(Records contained in a dataset)
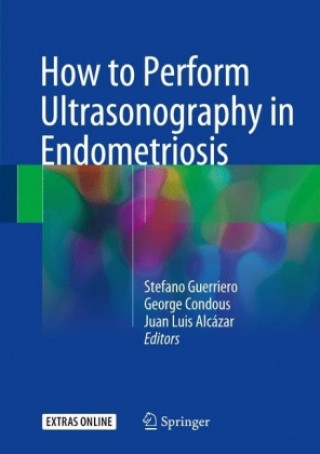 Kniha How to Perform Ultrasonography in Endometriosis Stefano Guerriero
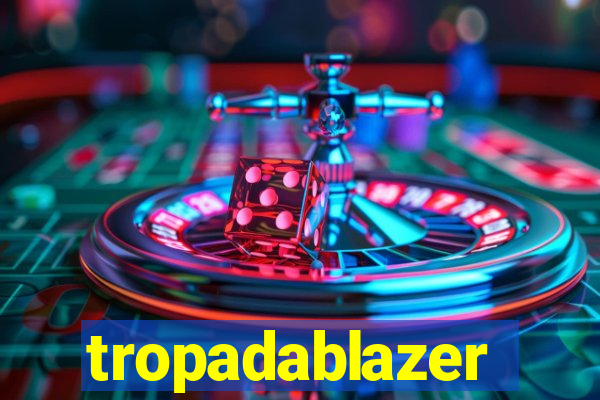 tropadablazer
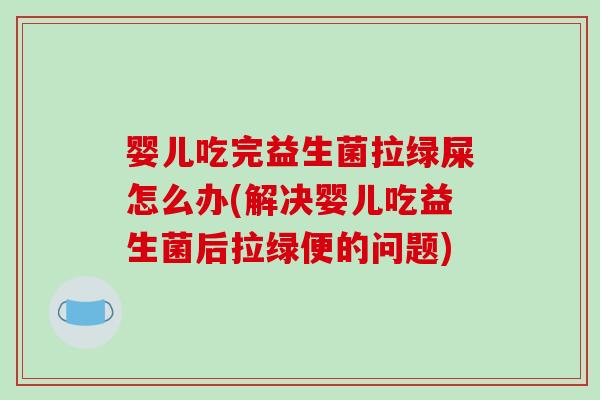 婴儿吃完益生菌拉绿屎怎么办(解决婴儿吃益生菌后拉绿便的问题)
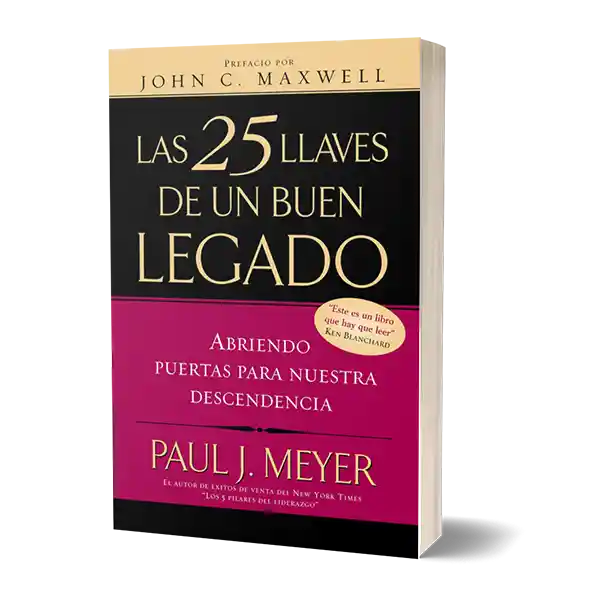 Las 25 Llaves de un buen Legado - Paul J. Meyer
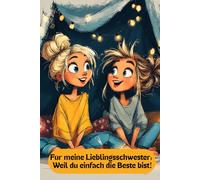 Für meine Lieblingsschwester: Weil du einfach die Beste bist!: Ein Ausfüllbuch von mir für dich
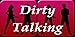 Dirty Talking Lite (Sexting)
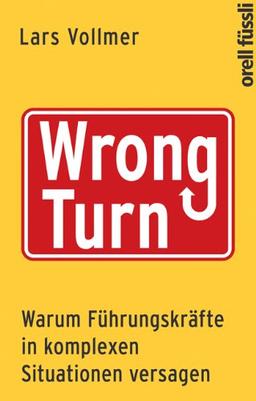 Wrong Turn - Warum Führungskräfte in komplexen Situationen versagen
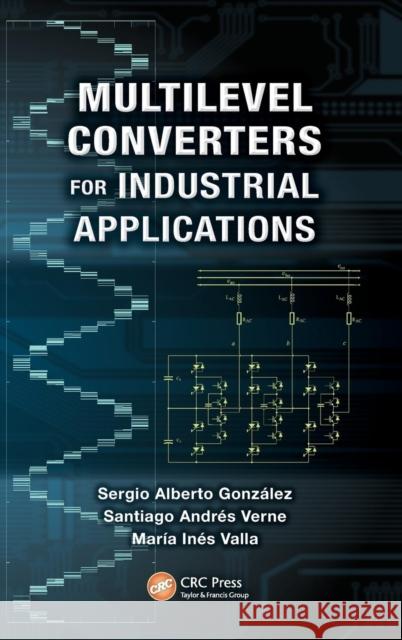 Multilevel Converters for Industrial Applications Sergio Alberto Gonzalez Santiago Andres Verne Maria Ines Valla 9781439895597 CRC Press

● Instructions to follow
Please retype every record above exactly, leaving out the pictures.

● Response to this task
 Kniha How to Perform Ultrasonography in Endometriosis Stefano Guerriero
 tropadablazer
 婴儿吃完益生菌拉绿屎怎么办(解决婴儿吃益生菌后拉绿便的问题)
 Las 25 Llaves de un buen Legado - Paul J. Meyer
 Für meine Lieblingsschwester: Weil du einfach die Beste bist!: Ein Ausfüllbuch von mir für dich
 Dirty Talking Lite (Sexting)
 Wrong Turn - Warum Führungskräfte in komplexen Situationen versagen
 Multilevel Converters for Industrial Applications Sergio Alberto Gonzalez Santiago Andres Verne Maria Ines Valla 9781439895597 CRC Press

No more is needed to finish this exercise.